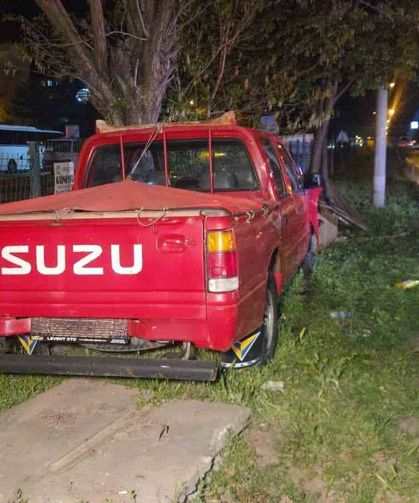 Bursa'da kontrolü kaybeden kamyonet orta refüje savruldu!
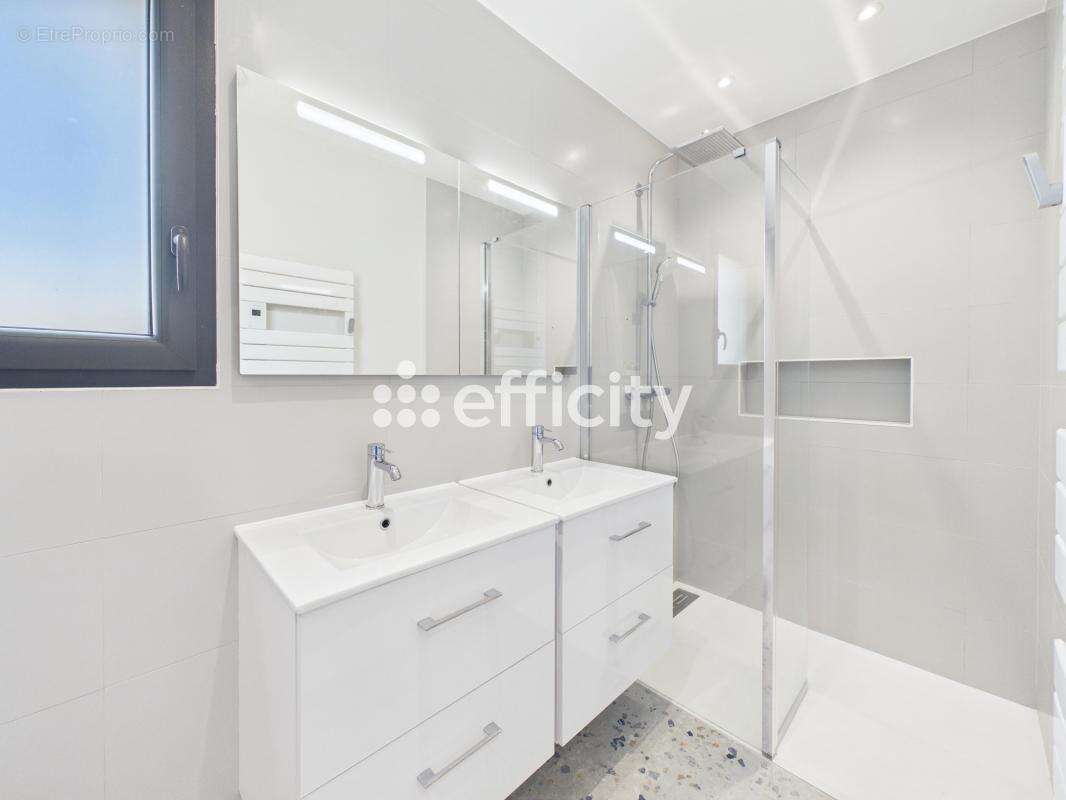 Maison 163 m² à Peronnas  - photo 22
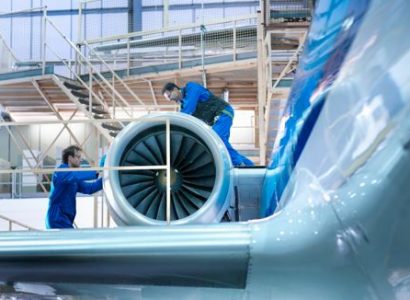 Russian airlines face outcast status as Boeing & Airbus suspend support services | Secret Flying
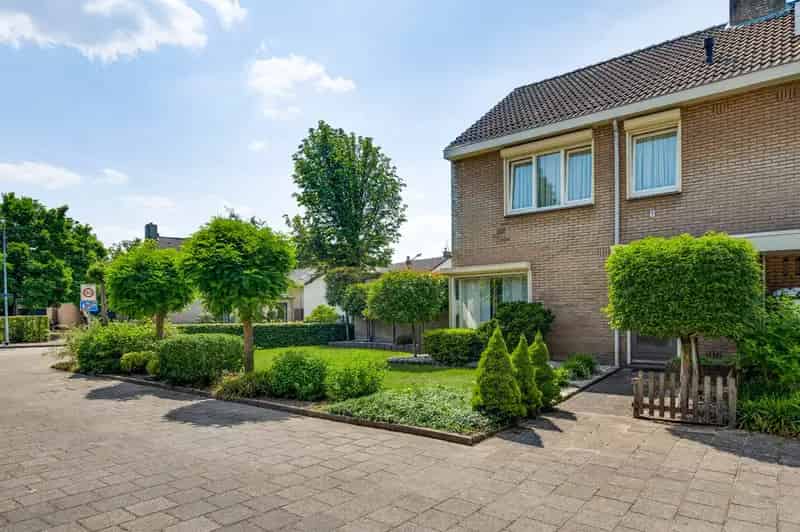 Ruime 2-onder-1-kapwoning Weert 4 slaapkamers grote tuin garage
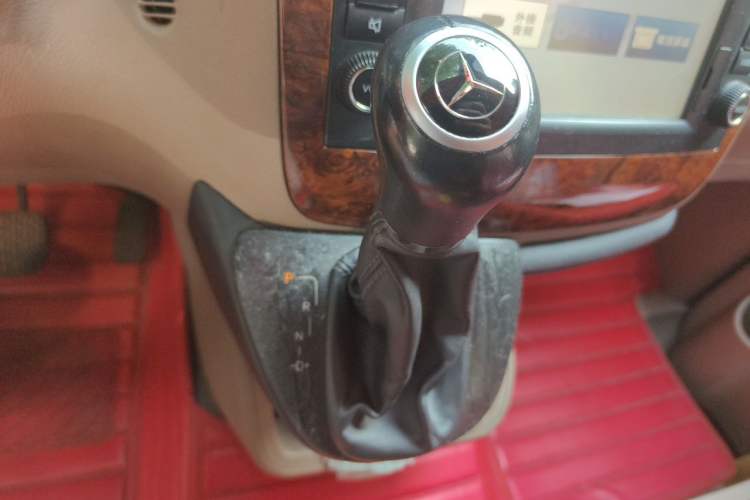 Used Mercedes-Benz Viano 2013 3.0L Navigator Edition Gear Lever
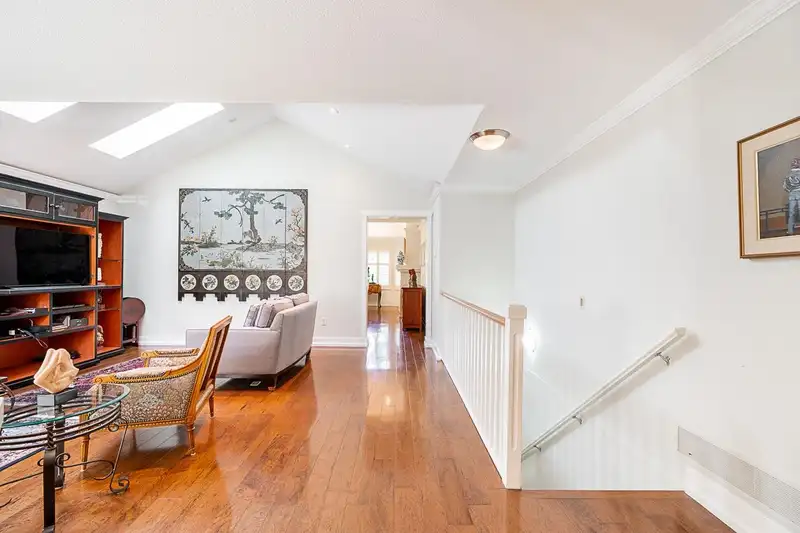51 15450 ROSEMARY HEIGHTS CRESCENT - photo 3 of 40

○ ○ ○

* How to complete this task *
What is needed is an exact copy of every line from the one with "Used Mercedes-Benz Viano" to the end of the listing above, with the pictures left out.

* Response to this exercise *
 Used Mercedes-Benz Viano 2013 3.0L Navigator Edition Gear Lever
51 15450 ROSEMARY HEIGHTS CRESCENT - photo 3 of 40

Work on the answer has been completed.